Coaches are tweaking their offense to fit the quarterback, not vice versa
The biggest reason by far is how offenses operate in 2019 as opposed to even a few years before. The game is wide open now, and this is helping backup quarterbacks succeed.
While many of the best offenses in the NFL still have the core of an “old-school” offense, the field is now spread out much wider. NFL teams are making you defend every blade of grass with spread formations and attacking passing games. When you spread out, it’s easier to read the field and find the bigger windows in the zone. So, in theory, there are “easier” throws for the quarterbacks to make within an offense.
There are “easier” throws to be made because plenty of playcallers are just smarter with how they game plan with backup quarterbacks now. The NFL is currently in its 100th season and I feel comfortable saying for, like, 90 years, NFL playcallers were mostly stubborn.
They designed a game plan that fit their current quarterback, or they forced an offense on a quarterback who didn’t have the skillset to make that happen.
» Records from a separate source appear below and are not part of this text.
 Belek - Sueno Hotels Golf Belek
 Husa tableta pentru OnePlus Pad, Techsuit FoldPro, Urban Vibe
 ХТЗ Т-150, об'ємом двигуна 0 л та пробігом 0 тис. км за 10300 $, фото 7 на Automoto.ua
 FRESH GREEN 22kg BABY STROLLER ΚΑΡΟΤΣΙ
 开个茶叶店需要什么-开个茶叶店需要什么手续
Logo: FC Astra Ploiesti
When that starter got hurt, the backup quarterback just entered the offense and nothing much changed. Offenses might run the ball more or simplify the system, but rarely did they create better opportunities for the young quarterbacks.
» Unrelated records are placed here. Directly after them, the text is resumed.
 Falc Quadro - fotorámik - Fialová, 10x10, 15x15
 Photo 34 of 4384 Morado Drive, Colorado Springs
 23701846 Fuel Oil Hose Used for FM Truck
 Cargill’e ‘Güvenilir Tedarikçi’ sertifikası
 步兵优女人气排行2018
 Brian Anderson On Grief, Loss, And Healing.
But now, when the starter goes out, the coaches adapt the offense more to fit what the backup QB does well. The best example isn’t from this season, but it’s from 2017 when Carson Wentz went out for the Eagles and Nick Foles entered the lineup.
Doug Pederson, Frank Reich, and staff went back to watch Foles play in 2013, when he was successful in a Chip Kelly offense. They implemented a bunch of the run-pass option action and it completely changed their offense. This is how offenses are adapting with young backup quarterbacks. RPOs, quick throws and the screen game are staples. The increased use of play-action passes allows young quarterbacks to have minimal reads and big chunk plays. All of this gives the backups more chances as compared to how it used to be.
Quarterbacks are also more advanced these days
Making this come full circle with scheme and coaching are the players themselves. Most quarterbacks start at a young age with 7-on-7 camps. They head into high school and sling the rock. They are way more advanced at an earlier age. They are learning defenses and spreading them out as early as youth football. Then they are off to college with some of this advanced education and confidence, which only continues as they learn in college.
By the time quarterbacks enter the NFL, they are way more knowledgeable about the game than quarterbacks in previous generations. When they are put into a game now, they aren’t scared by the moment and are comfortable with the schemes they are playing in. That’s so critical to their success.
There are other factors at play here, like more rules that protect quarterbacks now. There shouldn’t be as much fear about getting hit. Plus, plenty of these quarterbacks, like Allen, Minshew, and Rudolph, have been able to play with strong rushing attacks and defenses.
Lastly, some “backup” QBs are actually starters in my mind. For example, Bridgewater was a rising starter before injuring his knee in Minnesota. It feels a tad unfair to call him a backup, even though he is. Bridgewater will find himself a new home this offseason for LOTS of money. Good for him.
So fans, if your starting quarterback gets hurt, don’t fret like in the past. You have a capable backup waiting in the wings. That doesn’t mean that quarterback will end up being a franchise guy, but he can at least help your team win games.